> _YOUR GOAL_
What you return must match the listing below line for line, minus its pictures.
---- DATA FOR THE TASK
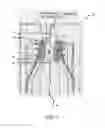 Fig. 08 - DUAL CATHETER ABLATION SYSTEM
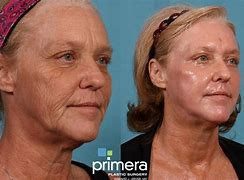 Image before and after deep peel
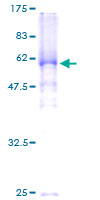 ab153608 on a 12.5% SDS-PAGE stained with Coomassie Blue.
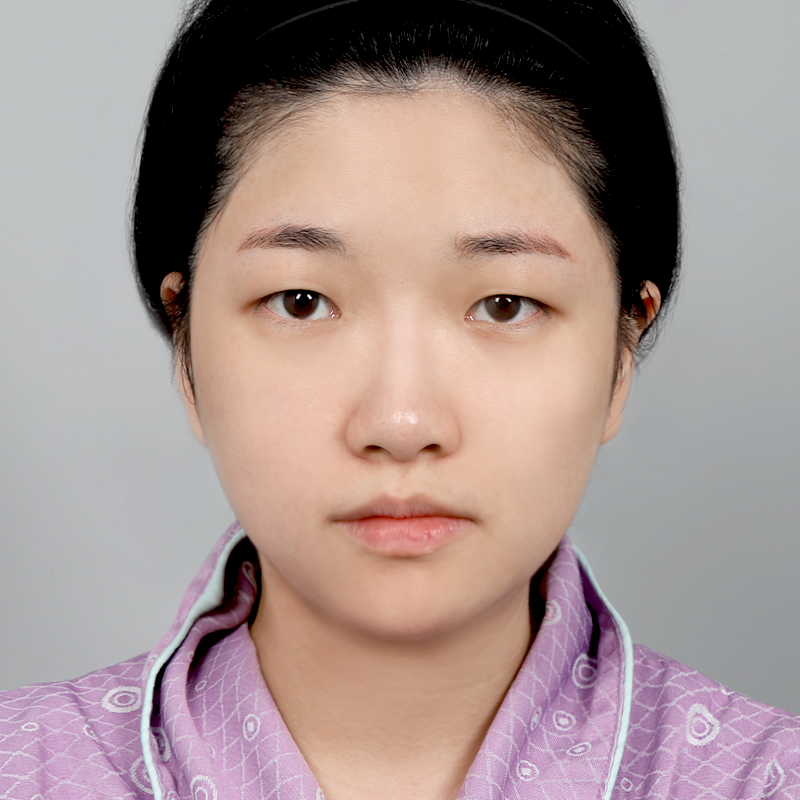 #Sốngmũi(silicone) #Đầumũi(sụn tự thân) #Rạch một phần #Chỉnhhìnhmắt #Loạibỏbọngmỡtrên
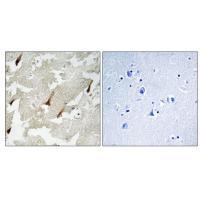 GPRIN2 Antibody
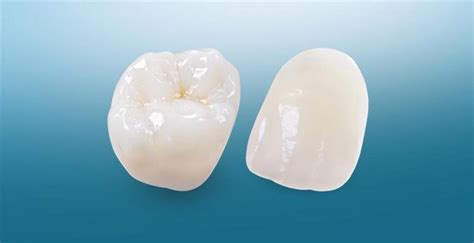 All Ceramics New West Dental Ceramic Ips E Max Crowns And Veneers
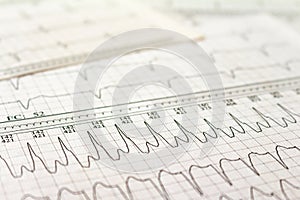 Electrocardiogram strips with cardiac arrhythmias. Atrial fibrillation Selective focus on some beats. Free space to write photo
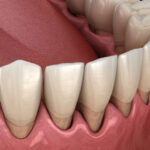 Find a Trusted Periodontist Specialist Near Me: Expert Guidance for Gum Health and More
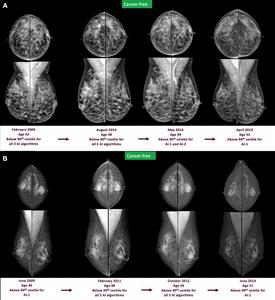 Full-field digital mammograms show craniocaudal (top) and mediolateral (bottom) views of the left and right breast.
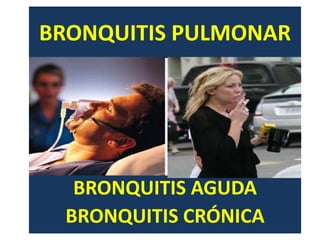 BRONQUITIS PULMONAR




  BRONQUITIS AGUDA
 BRONQUITIS CRÓNICA
 
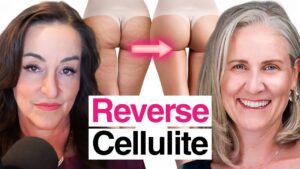 It’s Not Just Aging: Fascia, Lymph, and the Root Cause of Cellulite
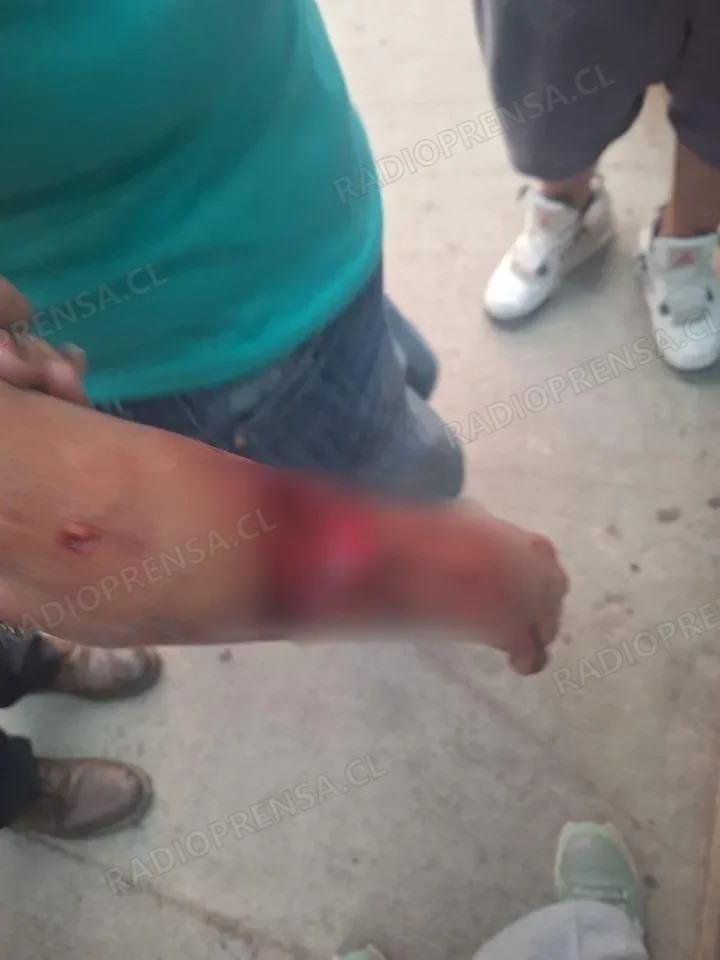 Adulta mayor con discapacidad resulta con severa lesión tras brutal ataque de perro en Melipilla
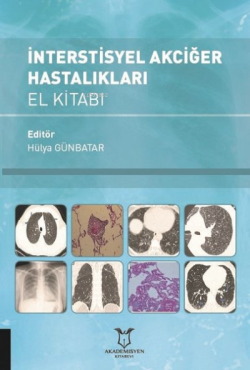 İnterstisyel Akciğer Hastalıkları El Kitabı - Kolektif | Yeni ve İkinc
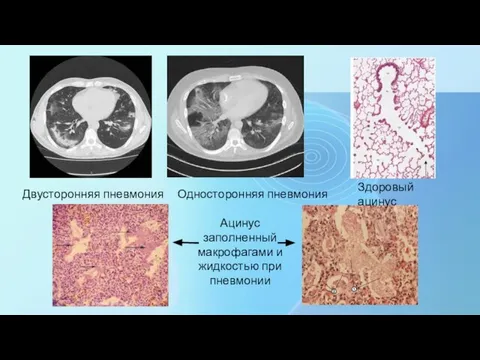 Двусторонняя пневмония Односторонняя пневмония Здоровый ацинус Ацинус заполненный макрофагами и жидкостью при пневмонии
--------
> _WRITTEN RESPONSE_
 Fig. 08 - DUAL CATHETER ABLATION SYSTEM
 Image before and after deep peel
 ab153608 on a 12.5% SDS-PAGE stained with Coomassie Blue.
 #Sốngmũi(silicone) #Đầumũi(sụn tự thân) #Rạch một phần #Chỉnhhìnhmắt #Loạibỏbọngmỡtrên
 GPRIN2 Antibody
 All Ceramics New West Dental Ceramic Ips E Max Crowns And Veneers
 Electrocardiogram strips with cardiac arrhythmias. Atrial fibrillation Selective focus on some beats. Free space to write photo
 Find a Trusted Periodontist Specialist Near Me: Expert Guidance for Gum Health and More
 Full-field digital mammograms show craniocaudal (top) and mediolateral (bottom) views of the left and right breast.
 BRONQUITIS PULMONAR




  BRONQUITIS AGUDA
 BRONQUITIS CRÓNICA
 
 It’s Not Just Aging: Fascia, Lymph, and the Root Cause of Cellulite
 Adulta mayor con discapacidad resulta con severa lesión tras brutal ataque de perro en Melipilla
 İnterstisyel Akciğer Hastalıkları El Kitabı - Kolektif | Yeni ve İkinc
 Двусторонняя пневмония Односторонняя пневмония Здоровый ацинус Ацинус заполненный макрофагами и жидкостью при пневмонии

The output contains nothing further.